_EXTRACTED RECORDS_.

◆ ◆ ◆ ◆ ◆

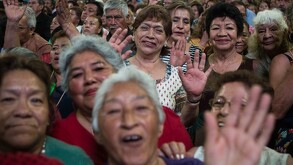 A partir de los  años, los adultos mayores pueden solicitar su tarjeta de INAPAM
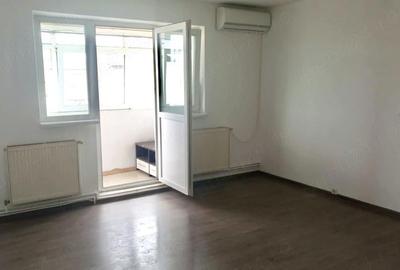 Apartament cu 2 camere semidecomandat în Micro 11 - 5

◆ ◆ ◆ ◆ ◆

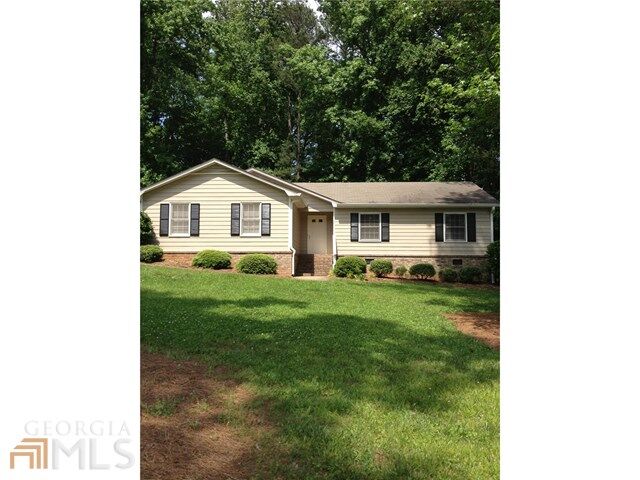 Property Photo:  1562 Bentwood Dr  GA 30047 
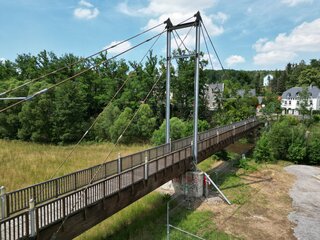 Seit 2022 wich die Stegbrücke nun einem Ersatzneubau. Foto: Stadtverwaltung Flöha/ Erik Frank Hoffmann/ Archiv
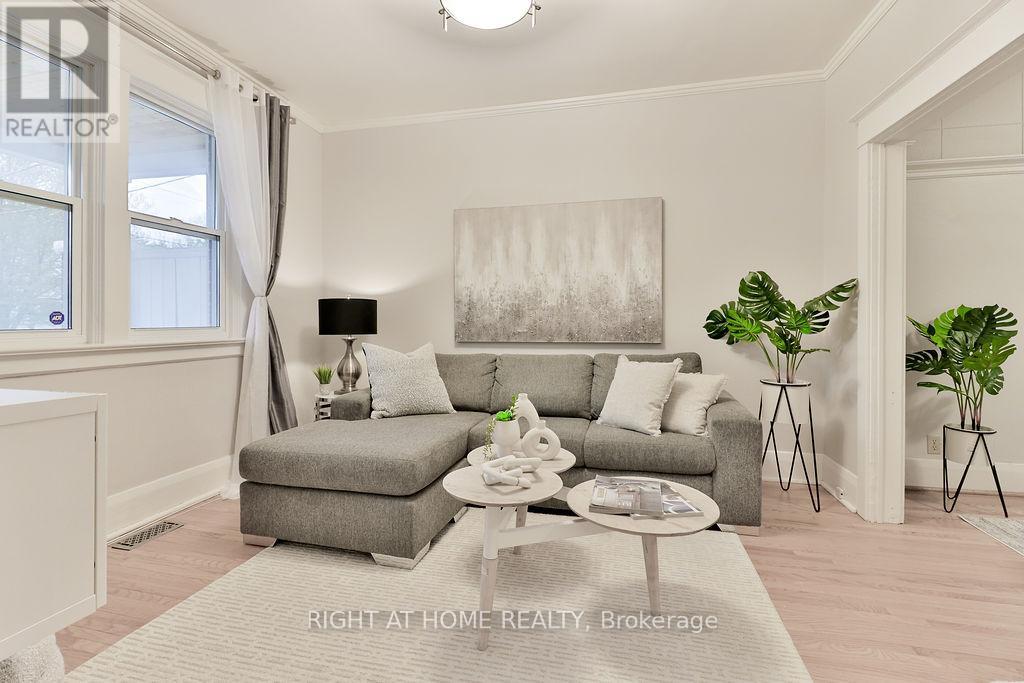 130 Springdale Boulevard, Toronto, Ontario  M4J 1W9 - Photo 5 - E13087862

◆ ◆ ◆ ◆ ◆

_PROBLEM STATEMENT_. All that should appear in the answer is the lines above from the line with "A partir de" through the line with "Apartament cu 2", retyped exactly, pictures left out.

_RESPONSE TO THE EXERCISE_.
 A partir de los  años, los adultos mayores pueden solicitar su tarjeta de INAPAM
 Apartament cu 2 camere semidecomandat în Micro 11 - 5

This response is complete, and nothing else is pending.